Tyszanie lepsi od ośmiokrotnych mistrzów Słowacji
GKS Tychy udanie rozpoczął 20. edycję Memoriału Pavla Zábojníka. Trójkolorowi po dobrym meczu pokonali HC Koszyce 5:3.
Mistrzowie Polski znakomicie weszli w mecz i po pierwszej odsłonie prowadzili 2:0, a na listę strzelców wpisali się Jakub Witecki i Michał Kotlorz. Tyszanie byli zabójczo skuteczni i z pietyzmem grali w destrukcji. Efekt był piorunujący - po czterdziestu minutach prowadzili już 5:1.
Ekipa z Koszyc, grająca w niemal najmocniejszym składzie, w trzeciej odsłonie próbowała wrócić do meczu. Jednak zdołała zdobyć tylko dwie bramki. Nie zabrakło za to ostrzejszych starć. Po twardym wejściu Martina Dudáša mocno ucierpiał Tomáš Sýkora.
– Jeszcze trochę boli, ale najważniejsze, że sięgnęliśmy po zwycięstwo. Byliśmy dzisiaj skuteczni do bólu. Każdą groźniejszą akcję zamienialiśmy na gola – powiedział Sýkora.
– Wykonaliśmy założenia taktyczne i pokazaliśmy ogromne serce do gry.
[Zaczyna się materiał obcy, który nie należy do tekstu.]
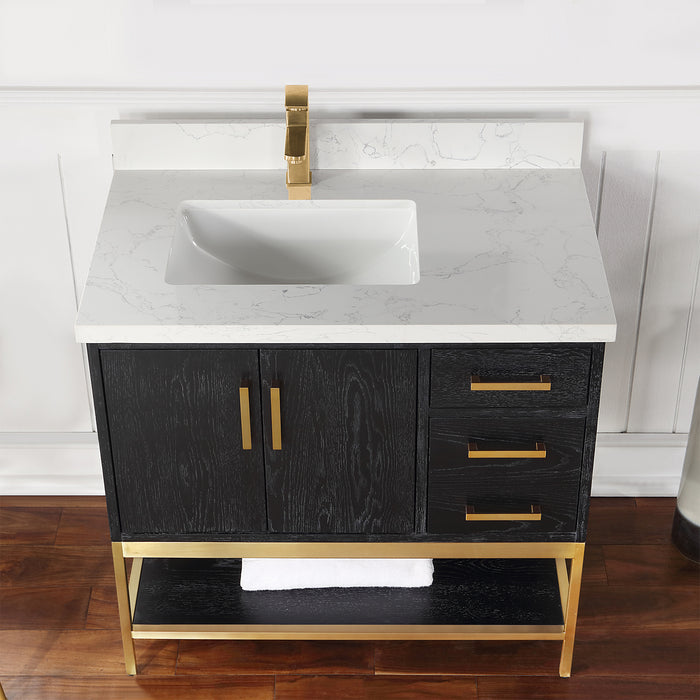 Altair Design Wildy 36"" Single Bathroom Vanity Set in Black Oak with Grain White Composite Stone Countertop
Wszyscy zagraliśmy naprawdę bardzo dobrze i mieliśmy solidne wsparcie w osobie Johna Murraya, który imponował spokojnymi interwencjami i znakomitym refleksem – stwierdził Peter Novajovský.
Jutro rywalem mistrzów Polski będą gospodarze turnieju HKm Zwoleń. Początek tego starcia o godzinie 19:00
GKS Tychy – HC Koszyce 5:3 (2:0, 3:1, 0:2)
1:0 - Jakub Witecki (02:32),
2:0 - Michał Kotlorz - Jarosław Rzeszutko, Peter Novajovský (11:51),
2:1 - Marcel Haščák - Ladislav Nagy (24:40),
3:1 - Peter Novajovský (27:34),
4:1 - Michael Cichy (29:48),
5:1 - Alex Szczechura - Tomáš Sýkora, Michael Cichy (31:24),
5:2 - Martin Dudáš (47:52),
5:3 - Oliver Jokeľ - Simon Petráš (48:32).
Minuty karne: 12 - 20 (w tym 10 minut za niesportowe zachowanie dla Martina Dudáša).
GKS: Murray – Górny, Bryk; Gościński, Rzeszutko, Bagiński – Pociecha, Ciura; Kondratjew, Komorski, Michnow – Kotlorz, Novajovský; Sýkora, Cichy, Szczechura – Kolarz, Horzelski; Kogut, Galant, Witecki.
HC Koszyce:Škorvánek (Habal) - Dudáš, Pretnar; Kafka, Brophey, Netík – Šedivý, Čížek; Nagy, Suja, Haščák –
Pulli, McDowell; Hričina, Galamboš, Šoltés – Koch; Petráš, Klíma, Jokeľ.